In ITO vs. Smt. Swati Oberoi [ITA No. 4150/Del./2018 decided July 30, 2021], ITO, Ward 32(4), New Delhi (Appellant) sought an appeal to set aside the order dated March 23, 2018 (Impugned Order) passed by the Commissioner of Income-Tax (Appeals) (Revenue) allowing the benefit of capital gain deduction under Section 54F of the Income Tax Act, 1961 (IT Act) to Smt. Swati Oberoi (Respondent).
The Respondent filed return of Income (ROI) of Rs Rs.15,06,65/- for the relevant year which was subjected to scrutiny. The Assessing Officer (AO), during the scrutiny proceedings, held that the Respondent has sold 50% share in a commercial property of Rs.3.5 crores and has shown Long Term Capital Gain (LTCG) of Rs.3,15,35,564/- in the ROI out of which the Respondent claimed deduction under section 54EC of the IT Act to the tune of Rs.49,55,589/- and deduction under Section 54F of the IT Act for Rs.2,65,79,975/-.
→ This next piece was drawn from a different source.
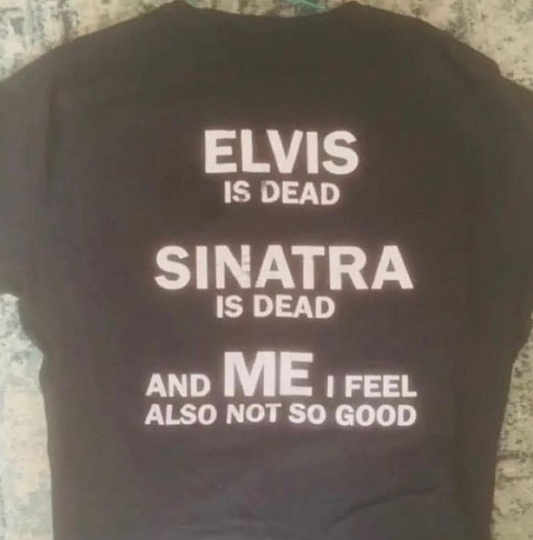 "Elvis Is Dead" Tee by White Market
AO– Disallow deductions claimed by the Respondent under Section 54F of the IT Act on failure of the Respondent to furnish sale deed of the property and thereby made an addition of Rs.2,65,79,975/- under the head “income from capital gains”. Being aggrieved, the Respondent preferred an appeal before Commissioner of Income Tax (Appeals) (“CIT(A)”)
CIT(A)- Decided in favour of the Appellant. Being aggrieved, the Appellant preferred an appeal before the Hon’ble Delhi Income Tax Appellate Tribunal (ITAT),
ITAT- Held that, benefit of deduction under Section 54F of the IT Act cannot be denied to the Respondent merely on the ground that conveyance deed has not yet been got registered particularly when the Respondent is proved to be in possession of the property in question out of which the Respondent was already owner in possession of 1/3rd share since 2008 after making a complete payment of the sale consideration to the vendors and has duly proved possession over the property by way of electricity and water charges bills.
Further held that, the Impugned Order allowing deduction under Section 54F of the IT Act to the Respondent is precise and dismissed the appeal.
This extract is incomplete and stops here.